• Information supplied:

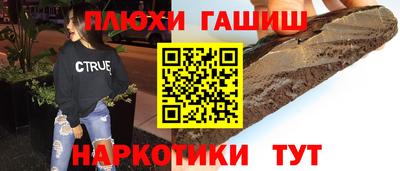 2c-b Старая Купавна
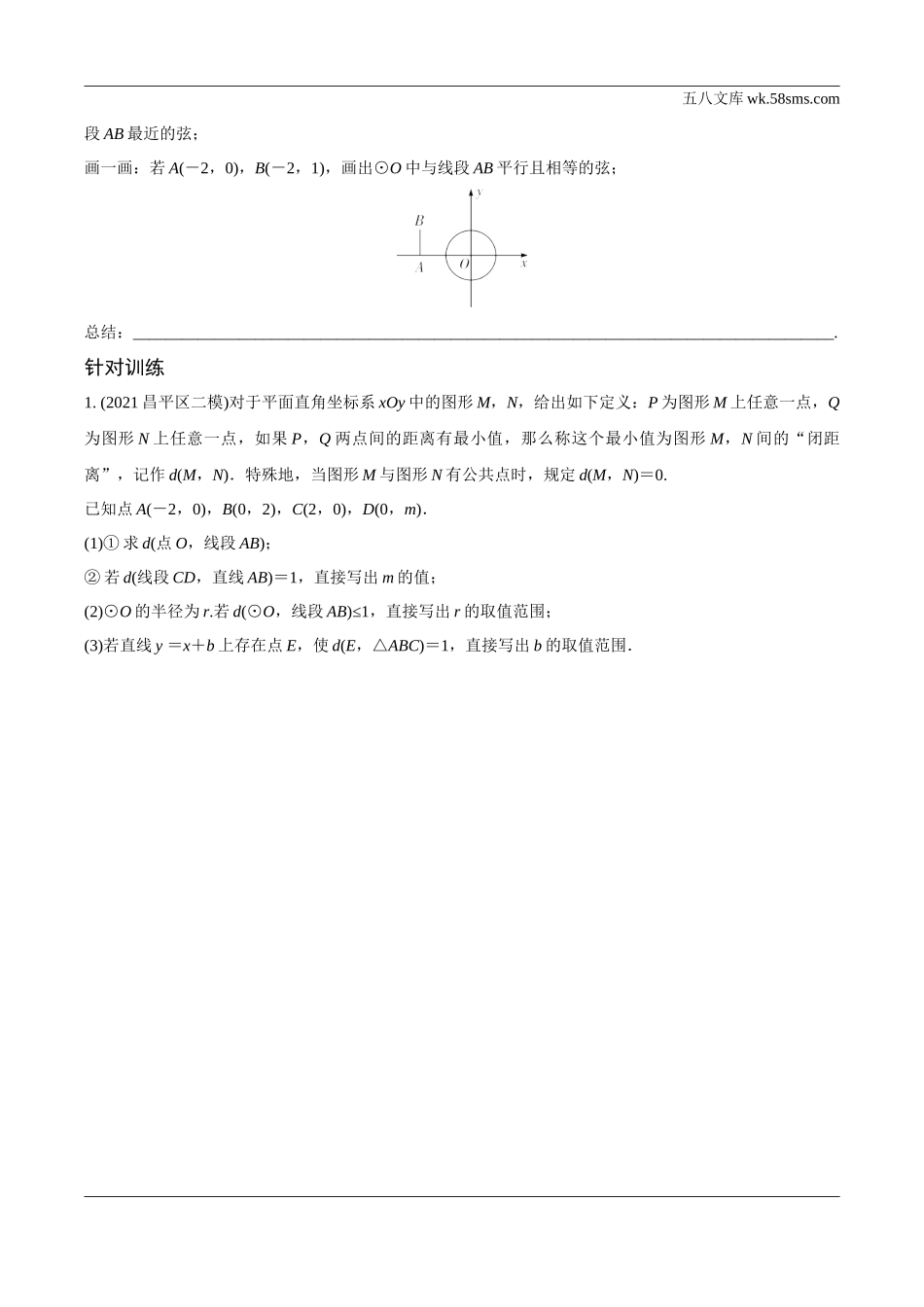 初中_中考_北京数学精讲本_2.精讲本第二部分  北京中考专题研究_二、重难专题突破_3.专题九  新定义现场学习题.docx_第2页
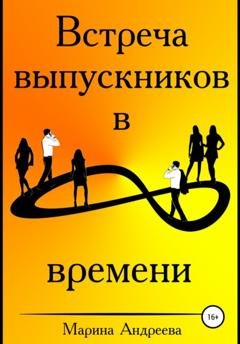 Обложка книги «Встреча выпускников в петле времени» — Марина Андреева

• Work instructions:
Copy the data character for character, but drop all pictures from the copy.

• Answer below:
 2c-b Старая Купавна
 初中_中考_北京数学精讲本_2.精讲本第二部分  北京中考专题研究_二、重难专题突破_3.专题九  新定义现场学习题.docx_第2页
 Обложка книги «Встреча выпускников в петле времени» — Марина Андреева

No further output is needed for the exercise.